L’uso di “eguale” è ancora diffuso in contesti più formali e nel linguaggio giuridico o filosofico, mentre “uguale” è impiegato più frequentemente nel parlato e nella lingua quotidiana. Per esempio:

Diritto e filosofia: “L’eguaglianza di tutti i cittadini di fronte alla legge”

Matematica: “Due numeri uguali danno somma doppia”

Uso quotidiano: “Questi due vestiti sono uguali”

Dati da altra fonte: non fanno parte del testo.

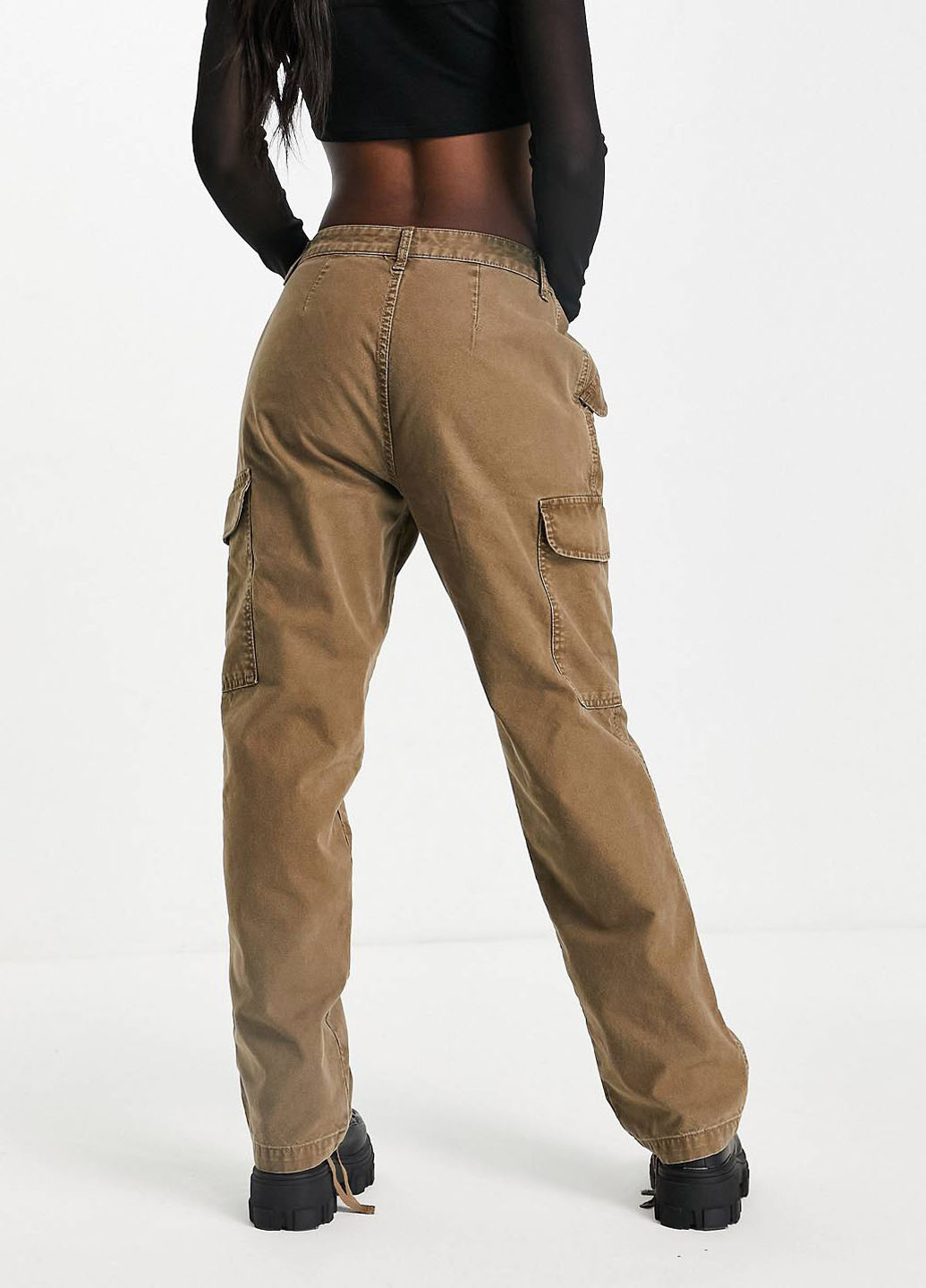 Светло-коричневые кэжуал демисезонные карго брюки Asos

Si osserva inoltre che la radice “egu-” è rimasta preferita in alcuni derivati come “eguaglianza”, “eguagliare” e “eguagliamento”, benché anche qui esistano le varianti con “ug-“.

Differenze di sfumatura

Dal punto di vista semantico, le due forme sono interscambiabili nella maggior parte dei contesti. Tuttavia, si potrebbe sostenere che “eguale” mantenga un tono più formale e ricercato, mentre “uguale” sia più immediato e diffuso. Questa distinzione è stata suggerita già nell’Ottocento da alcuni linguisti, come Tommaseo e Bellini, i quali ipotizzavano che “uguale” fosse più adatto per cose materiali (“un filo uguale all’altro”), mentre “eguale” per concetti astratti (“l’eguaglianza dei diritti”). Oggi, questa distinzione non è più rigida, ma può ancora riflettersi in certe preferenze d’uso.

Quale forma scegliere?

Dal punto di vista normativo, non esiste una regola che imponga l’uso di una forma rispetto all’altra. Entrambe sono corrette e accettate. Tuttavia, chi scrive dovrebbe considerare il contesto comunicativo:

Per il parlato e la scrittura quotidiana: “uguale” è la forma più naturale e diffusa.

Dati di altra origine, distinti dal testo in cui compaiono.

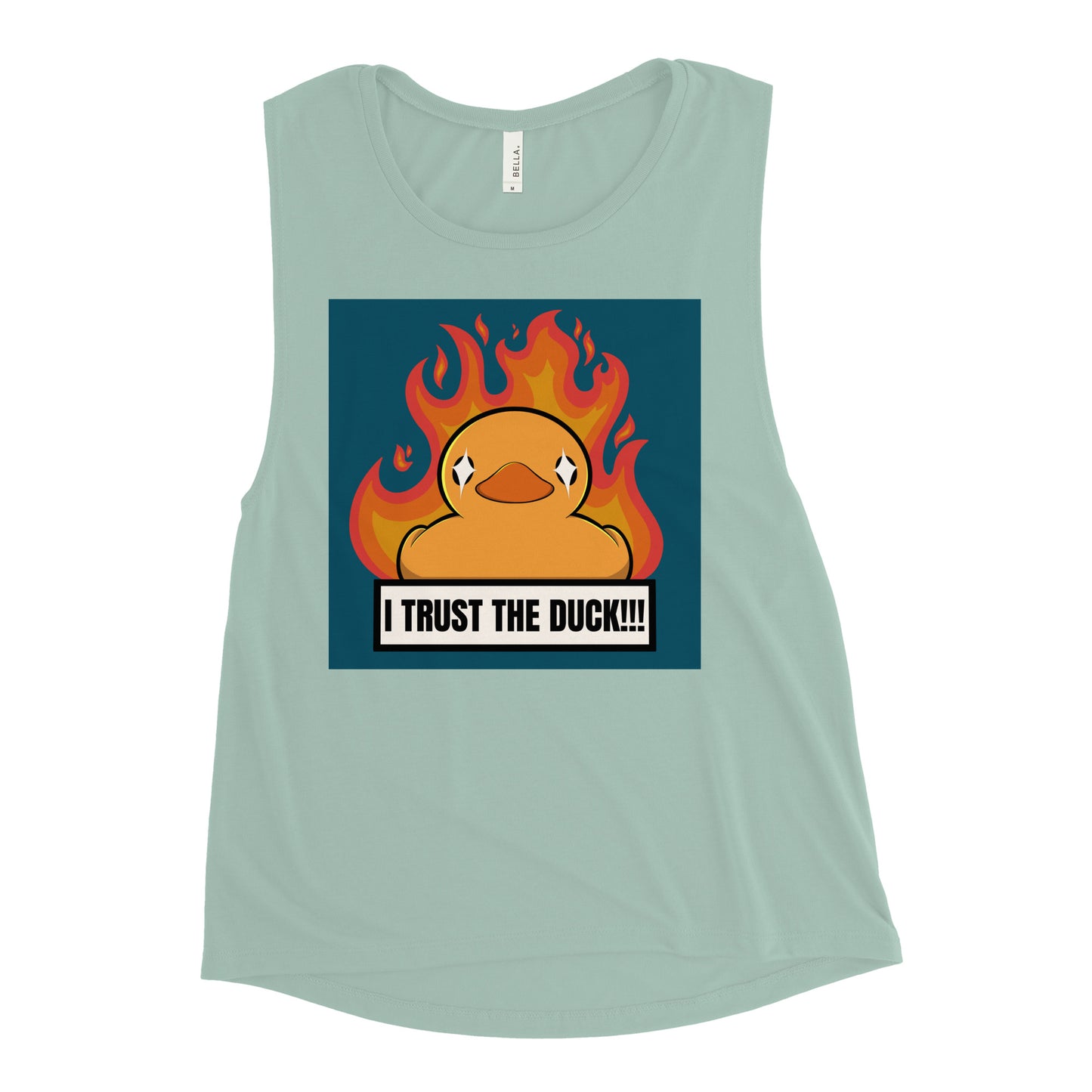 I trust the Duck!!! Ladies’ Muscle Tank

Per il linguaggio giuridico, filosofico o solenne: “eguale” può essere preferibile, specie in espressioni come “l’eguaglianza sociale”.

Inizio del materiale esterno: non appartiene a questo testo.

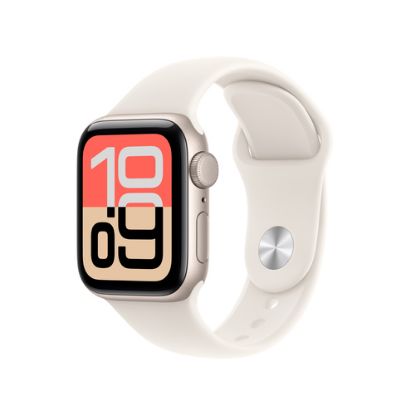 Immagine di Apple Watch SE (3nd generation) SE 3 GPS 40mm Cassa Alluminio Galassia con Sport Band Galassia - S/M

In definitiva, la scelta tra “uguale” ed “eguale” dipende principalmente dall’uso consolidato e dal registro linguistico, più che da una regola fissa. Chiunque scriva può quindi orientarsi secondo il contesto e lo stile desiderato, senza timore di errore. In ogni caso, per saperne di più riportiamo a questo articolo redatto dall’Accademia della Crusca: Uguale o eguale.

 

Lingua italiana: mirabilia su mirabilia

La presenza di varianti lessicali come “uguale” ed “eguale” dimostra la ricchezza della lingua italiana, che nel corso della sua evoluzione ha saputo mantenere e adattare parole con sfumature diverse senza perdere chiarezza ed efficacia comunicativa. Questa varietà permette di scegliere il termine più adatto a seconda del contesto, arricchendo l’espressione linguistica e rendendo l’italiano una lingua di straordinaria versatilità. Il confronto tra forme antiche e moderne, tra usi letterari e quotidiani, testimonia la vitalità dell’italiano e la sua capacità di evolversi senza perdere il legame con le radici storiche.